Paulo Querido. Na Internet desde 1989

13 de setembro de 2006

Depois do debate

Como se previa, o pouco interesse do debate televisivo de ontem assentou nos personagens, não nas ideias e muito menos no que podem as sociedades esperar da falta de liderança do “ocidente”. As reacções e comentários da blogosfera, nas horas durante e depois do debate, mais avivam — sobretudo nos blogues de todas as direitas, a católica, a progressista, a moderna, a reaccionária que não disfarça, a reaccionária vestida de liberal e a liberal pura (ele é cada sabor seu paladar…) — esse carácter de confronto de senadores.
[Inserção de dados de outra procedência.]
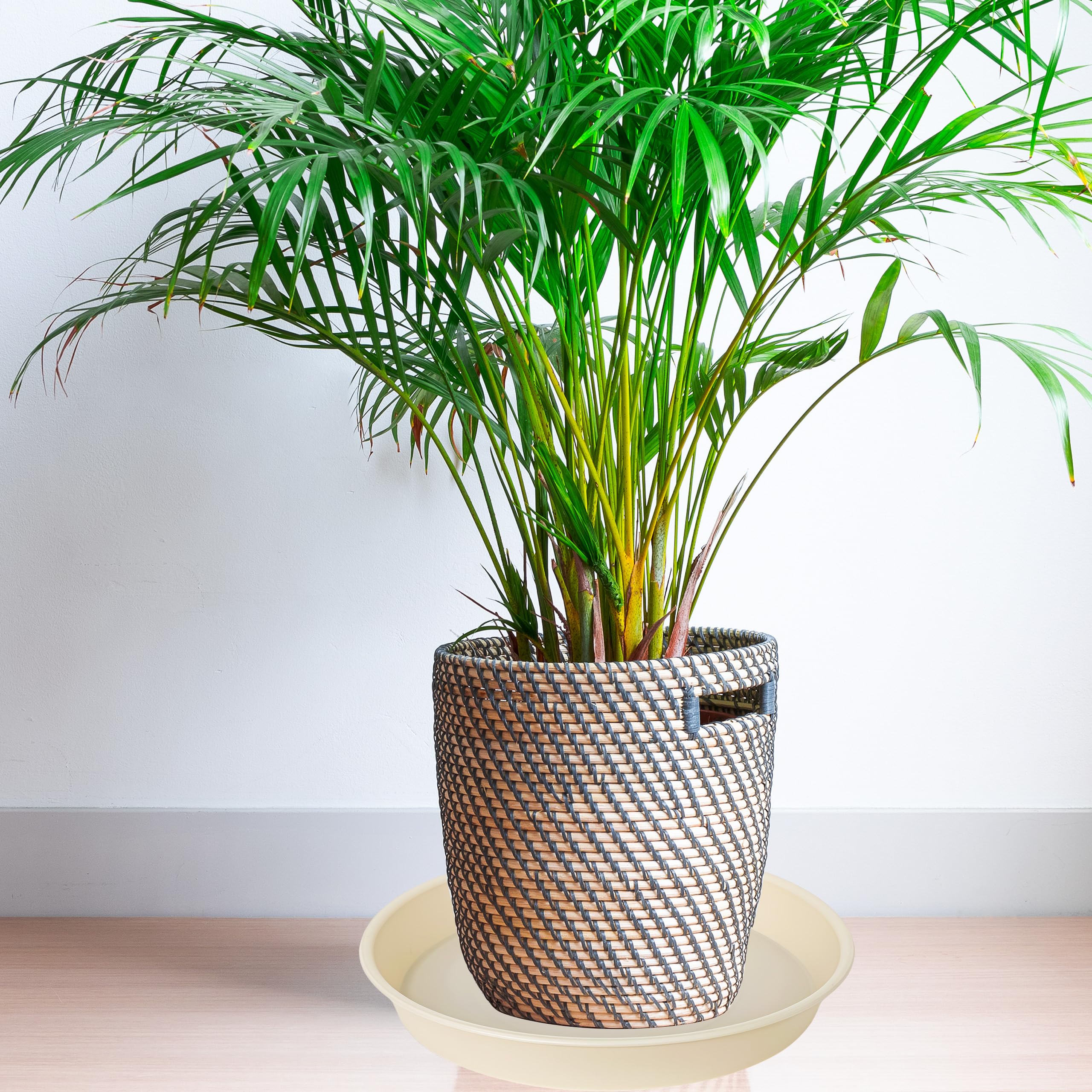 Bleuhome 14 inch plant saucer in use under a pot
Personalidades.

Como é de prever num debate entre figuras cada qual com seu consenso, os séquitos ganham preponderância sobre os discursos. Dessa blogosfera, o que para a posteridade sobra do debate de ontem não foi o discurso surpreendentemente bem articulado de Mário Soares, ou a lucidez ríspida de Pacheco Pereira — e muito menos o que cada um disse. Foi a “senilidade” daquele e a “retumbante vitória” deste.

(Conseguindo a proeza de fazer de conta que “um dos seus”, uma historiadora que da plateia articulou umas palavras que ninguém reteve, também fez parte do debate, num grotesto episódio de manipulação comparável aos estalinistas retoques fotográficos).

De tal forma o clamor do séquito se fez ouvir que as tresmalhadas almas que pretenderam alguma frescura opinativa foram tratadas como insurrectos pelos coronéis do Abrupto. Costumo discordar de André Azevedo Alves, que também ontem me zurziu infantilmente mas este é o momento certo para lhe tirar o chapéu. Por razão dupla, já agora: por mostrar que as direitas não são (obrigadas a parecer) todas farinha do mesmo saco, e pel’O Insurgente que é efectivamente uma ameaça para quem mede a influência pelos pageviews. Os contabilistas que se cuidem.